Spółka zobowiązywała dostawców świń z terenów ASF do przekazywania jej otrzymanej od państwa pomocy finansowej. Agri Plus obniżała ceny kupowanych zwierząt o kwotę rekompensaty uznając, iż to jej jako organizatorowi systemu tuczu kontraktowego przysługuje wyrównanie strat za ASF. Z ustaleń Prezesa Urzędu wynika również, że spółka monitorowała którzy rolnicy dostali wsparcie, a następnie żądała pomniejszenia ich wynagrodzenia poprzez wsteczne korygowanie faktur sprzedaży. – informuje UOKiK.
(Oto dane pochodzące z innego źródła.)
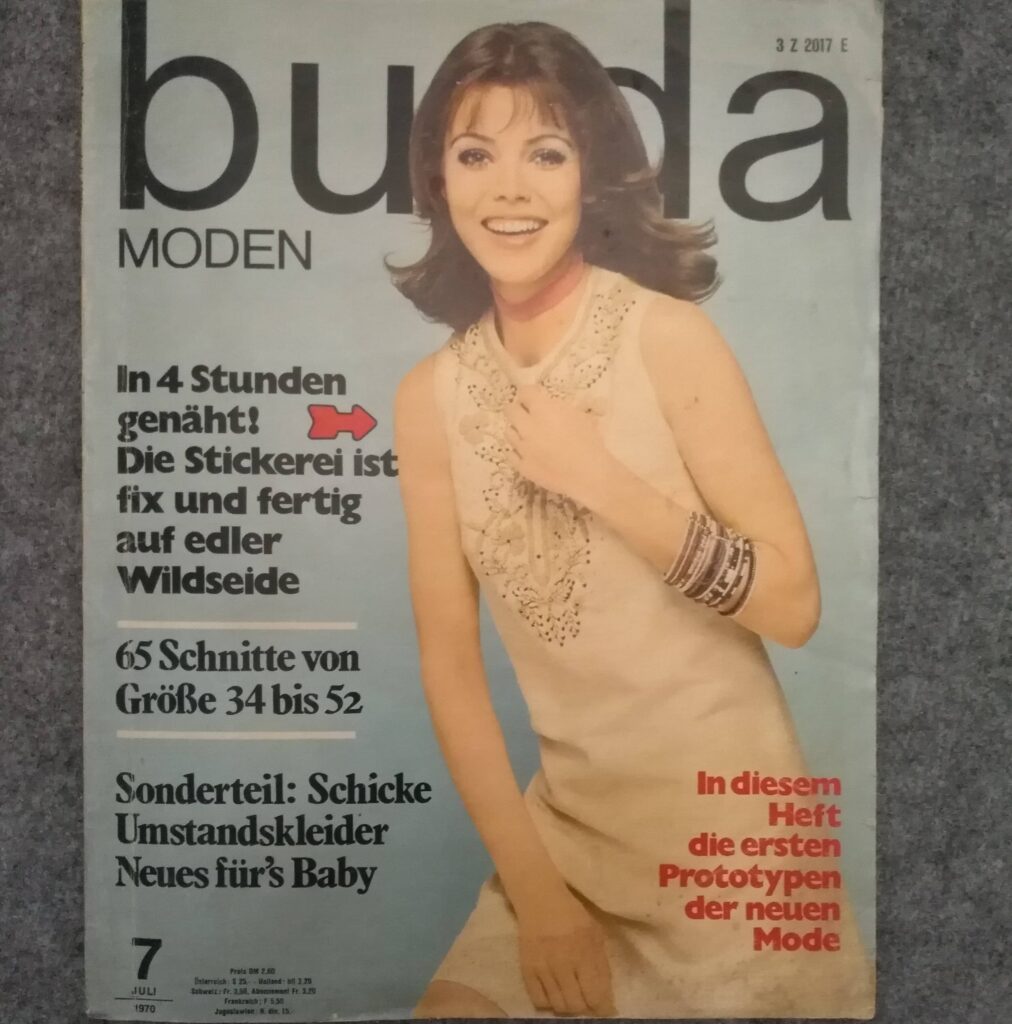 1970 Burda 7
Decyzja UOKiK o nałożeniu na firmę gigantycznej kary nie jest prawomocna. Wczoraj zarząd Agri Plus wydał oświadczenie, w którym nie zgadza się z zarzutami i zapowiada odwołanie się do sądu.
Agri Plus z ogromnym zaskoczeniem przyjmuje decyzję wynikającą z odmiennego postrzegania zagrożeń, jakie ASF stwarza dla uczestników rynku trzody chlewnej w Polsce oraz różnic w interpretacji przepisów w odniesieniu do historycznie stosowanych przez Spółkę praktyk mających na celu mitygowanie tych zagrożeń. Decyzja (UOKiK – przyp. red.) pomija fakt, że Agri Plus, jako podmiot ekonomicznie odpowiedzialny za proces produkcji żywca, ponosi praktycznie wszystkie ryzyka rynkowe związane z produkcją, włącznie z ryzykiem dotyczącym ASF. Prezes UOKiK nie uwzględnił również w swojej decyzji faktu, że podmiotem poszkodowanym w związku ASF jest Agri Plus, a straty finansowe z tego tytułu szacowane są na ok. 145 mln zł. Nie podzielamy wniosków zawartych w stanowisku Urzędu, a samą decyzję traktujemy jako bezprecedensową i niesłuszną – informuje spółka.
Zarząd twierdzi, że nie działał na szkodę hodowców, wręcz odwrotnie.
Wieloletnie działania Agri Plus są inspirowane pełnym zrozumieniem dla trudu związanego z hodowlą trzody chlewnej. Partnerska postawa firmy, wobec rodzimych gospodarstw rolnych poszkodowanych w związku z ASF, często budzi nieuzasadnioną krytykę ze strony innych uczestników rynku oraz instytucji. Jest to całkowicie niezrozumiałe, gdyż spółka pełni rolę swoistego parasola ochronnego dla hodowców trzody chlewnej. Dzięki współpracy z Agri Plus polscy rolnicy mogą spokojnie funkcjonować, nawet w najtrudniejszym okresie, podczas gdy wielu innym gospodarstwom indywidualnym nie udaje się utrzymać na rynku. (…) Działania podejmowane przez Spółkę były zgodne z ówczesną praktyką rynkową oraz neutralne dla uzyskiwanego przez hodowców przychodu, zgodnie z zawartą przez Strony umową tuczu kontraktowego – czytamy w oświadczeniu Agri Plus.
Kto ma rację? Sprawę rozstrzygnie Sąd Ochrony Konkurencji i Konsumentów.